Table 1. Liquid properties used in the study.

Case	Test Liquids	D (mm) Equilibrium Diameter	θa (°) Advancing Contact Angle	ρ (kg/m3) Density	μ (Pa s) Viscosity	σ (N/m) Surface Tension	Ohnesorge Number (Oh), (μ/(ρDσ)1/2)
1	Water [32]	2.0	170.3 ± 0.7	998.2	0.001	0.072	0.003
2	Water/ethanol (5 wt.%) [32]	2.0	167.1 ± 0.6	989.2	0.00125	0.0557	0.004
3	Water/ethanol (10 wt.%) [32]	2.0	168.4 ± 1.0	981.9	0.00152	0.0475	0.005
4	Water/ethanol (20 wt.%) [32]	2.0	164.5 ± 0.9	968.3	0.00212	0.0380	0.008
5	Water/glycerin (60 wt.%) [18]	2.0	163.4 ± 1.8	1150	0.0117	0.0648	0.029
6	Water/glycerin (75 wt.%) [18]	2.0	165.4 ± 0.8	1185	0.0339	0.0637	0.087
7	Water/glycerin (85 wt.%) [18]	2.0	163.2 ± 0.4	1210	0.0977	0.0635	0.249

shows various liquid properties and advancing contact angles reported in several studies. The static contact angle model of the current study adopted the advancing angles as a contact angle in the simulation because the studies reported very small contact angle hysteresis (<4°).

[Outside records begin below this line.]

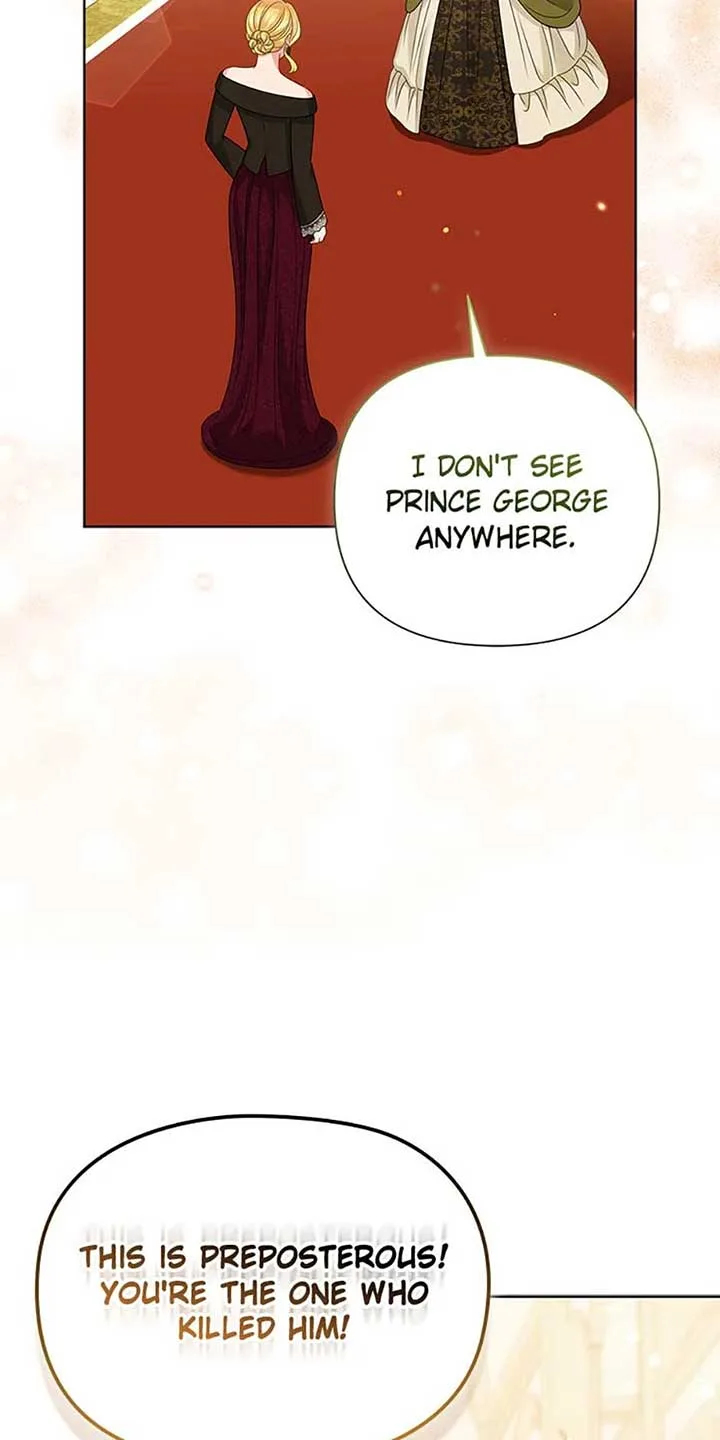 So I Married An Abandoned Crown Prince Chapter 70 page 47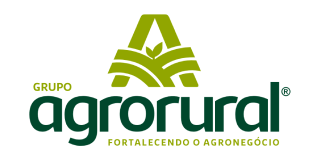 Grupo Agrorural Fortalecendo O Agronegócio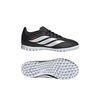 ADIJS0364-000_19.jpg ADIJS0364-000_19.jpg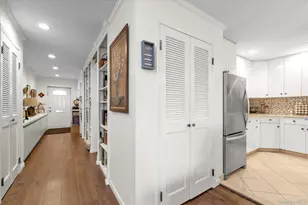 750 Lido Blvd, Long Beach, NY 11561 - Photo 3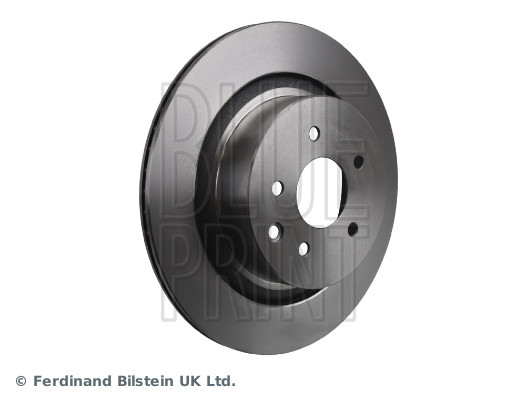 Blue Print ADN143169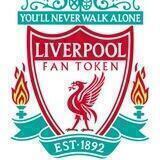 Liverpool Fan Token Announcements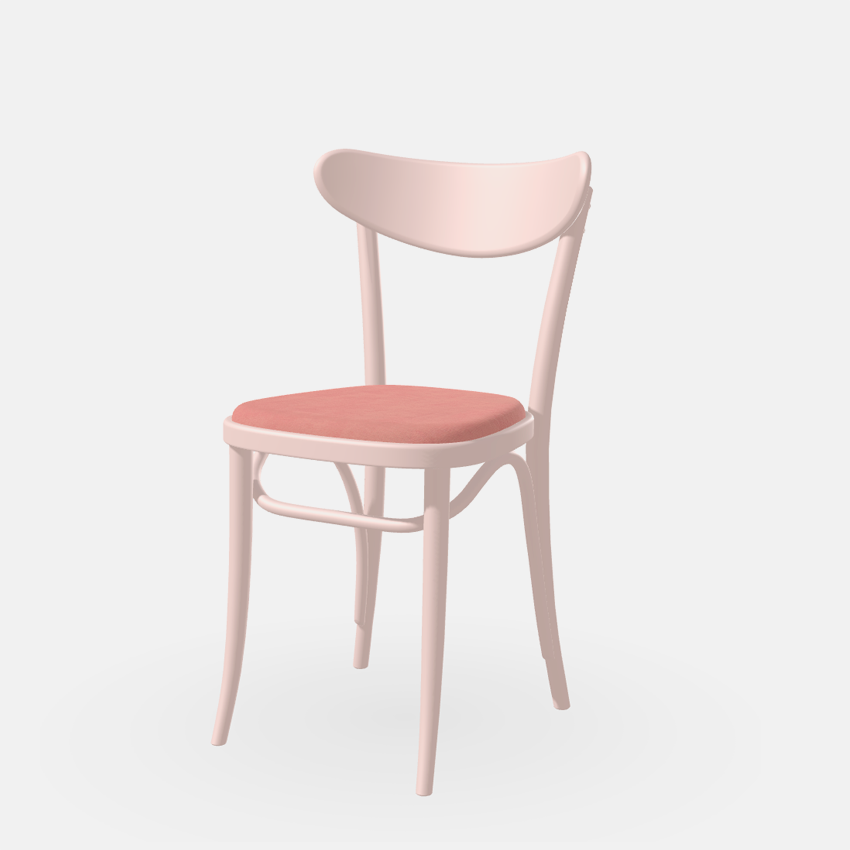 Banana_stol07_HpinteriorNordic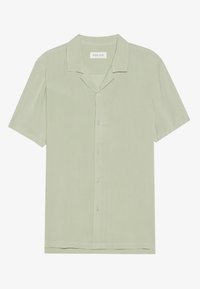 Thumbnail Image 5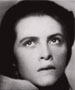 Vampyr, ou l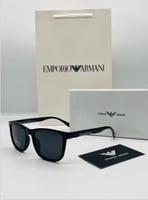 نظارة أرماني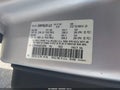2008 Dodge Dakota — photo 9 of 11 | VIN 1D7HE48K68S532845
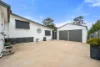 10A Wyper Street, Bundaberg South, Qld 4670-Image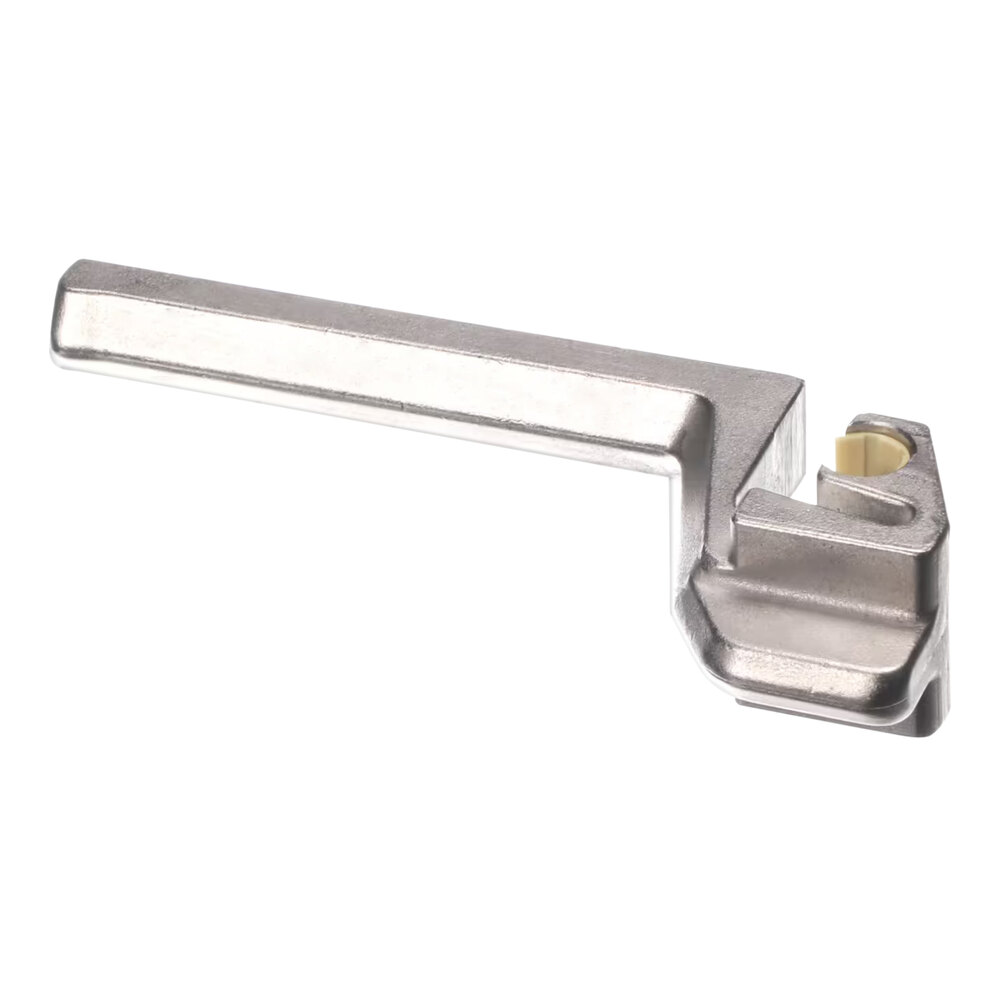 Zumex S3301940:00 Speed Pro Sweeper Brush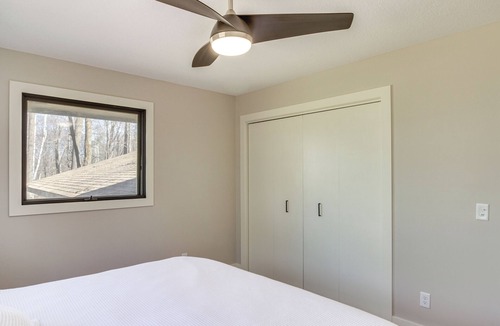 Isle House | Minnesota Country Escape ~ 3 Mi to Mille Lacs Lake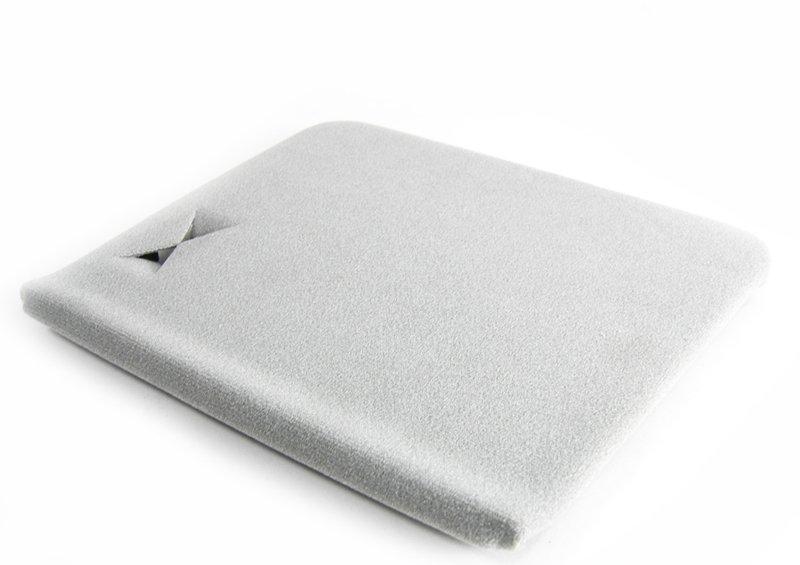 Крышка э/двигателя сдвиж.крышки люка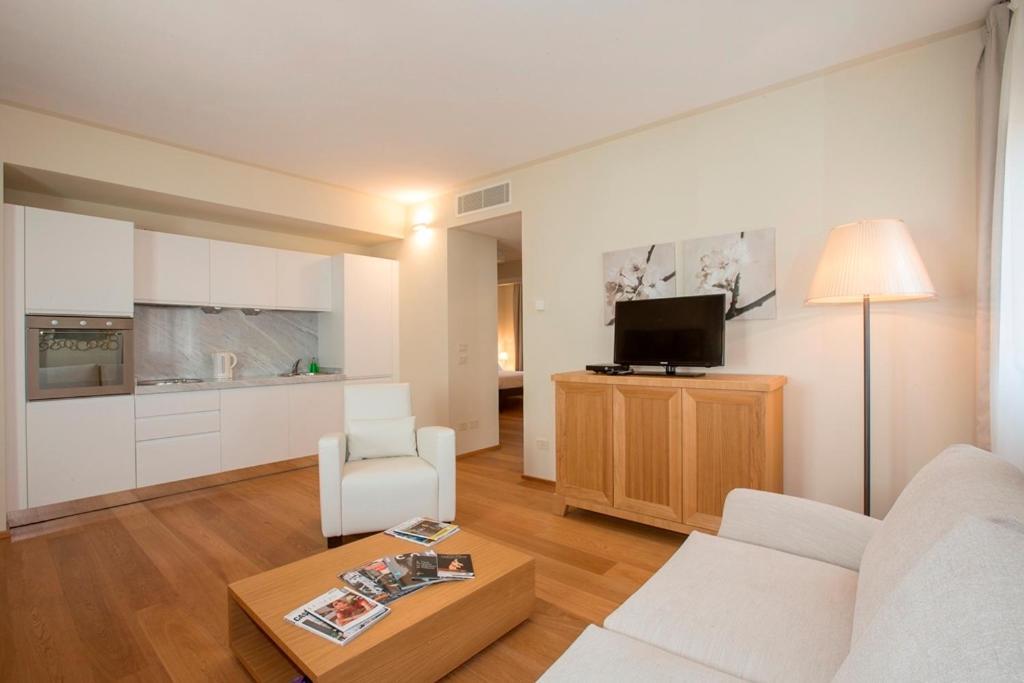 Apartament Vicarello Di Volterra Pokój zdjęcie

To validate the numerical model, the maximum spreading diameters (D_m) of spherical drops obtained numerically were compared with those obtained from experimental studies regarding viscous drop impact on flat surfaces [18]. The previous study showed that experimental data agreed well with scaling relations of D_m/D ~ We^1/4 for P < 1 and D_m/D ~ Re^1/5 for P > 1 reported by Clanet et al. [13]. The least-square fitting lines of the experimental data yielded the numerical coefficient of 0.83, as follows [18]:

D_m/D = 0.83We^1/4 for P < 1,

(3)

D_m/D = 0.83Re^1/5 for P > 1

(4)

Figure 1 shows the numerical data of Case 1 (pure water drop) and Cases 5–7 (viscous drops) obtained from the current study and the fitting lines (Equations (3) and (4)) obtained from the previous experimental study. It was found that the numerical data agreed with the fitting lines of D_m obtained experimentally. Moreover, the author’s previous study compared the residence times of ellipsoidal drops obtained numerically with those obtained experimentally to validate the numerical model for water drop impact on SHSs [25]. Numerical simulations have reasonably reproduced the residence times that depended on e and We.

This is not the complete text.